# Techniques to Optimize 32 Bit Wallace Tree Multiplier

# A. Radhika

*M.Tech., (Ph.D)* Department of Electronics and Communication Engineering Anurag College of Engineering, Ghatkesar, Telangana, India

## D. Nandini

B.Tech Student Department of Electronics and Communication Engineering Anurag College of Engineering, Ghatkesar, Telangana, India

## M.Harish

B.Tech Student Department of Electronics and Communication Engineering Anurag College of Engineering, Ghatkesar, Telangana, India

# T.Sri Sadhana

B.Tech Student Department of Electronics and Communication Engineering Anurag College of Engineering, Ghatkesar, Telangana, India

Abstract- Multipliers play an important role in today's digital signal processing, micro processors and various other applications. The process used by multiplier is Shift-add algorithm. The three major parameters that are to be considered while designing a multiplier using VLSI design are speed, area and power consumption. Wallace tree multiplier is a combinational circuit used to multiply two numbers. Instead of performing additions using standard parallel adders, Wallace tree uses carry save adders and only one parallel adder. So, it produces a product in far less time. Advantage of a Wallace tree multiplier is, it requires less power for bit widths between 8 and 32. This paper discusses two techniques to optimize multiplication of two 32 bit numbers in terms of speed and area. In the first technique, instead of using parallel adder, carry look ahead adder is used. In the second technique, instead of using 64-bit CSAs, CSAs are built according to the number of shifts in the partial products. Therefore, the total requirement of hardware decreases making this Wallace Tree multiplier, area efficient. The entire design is coded in Verilog HDL, simulated with ModelSim and synthesized using Xilinx Basys 3 device. The result shows that the proposed design takes very less time and hardware for multiplication of two 32 bit numbers.
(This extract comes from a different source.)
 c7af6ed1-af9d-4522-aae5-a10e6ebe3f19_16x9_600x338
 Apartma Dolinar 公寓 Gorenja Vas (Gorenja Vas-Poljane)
#### Keywords - Carry save adder, Basys 3 board, ModelSim simulator, Wallace tree multiplier

#### I.INTRODUCTION

The basic arithmetic operation which is widely used during computation is multiplication. Most of the arithmetic operations require the use of multiplication and it plays a very important role in today's digital signal processing. Many DSP applications demand high throughput and real-time response, performance constraints that often dictate unique architectures with high levels of concurrency. The present development in the processors aims at high speed. So the requirement of high speed multipliers increased. Therefore, a designer has to concentrate more on high speed circuit design. Generally, the performance of any DSP processor is affected by the type of multiplier used. *Carry Save Adder Concept:* 

A carry save adder can add three numbers instead of just two numbers. But it doesn't outputs a single value, instead gives two, a sum and a carry. A 1-bit carry save adder can be considered as a 1-bit full adder with the signals renamed as shown in figure 1. The Cin of full adder is renamed as Z. The original answer Z is renamed as S and Cout as C.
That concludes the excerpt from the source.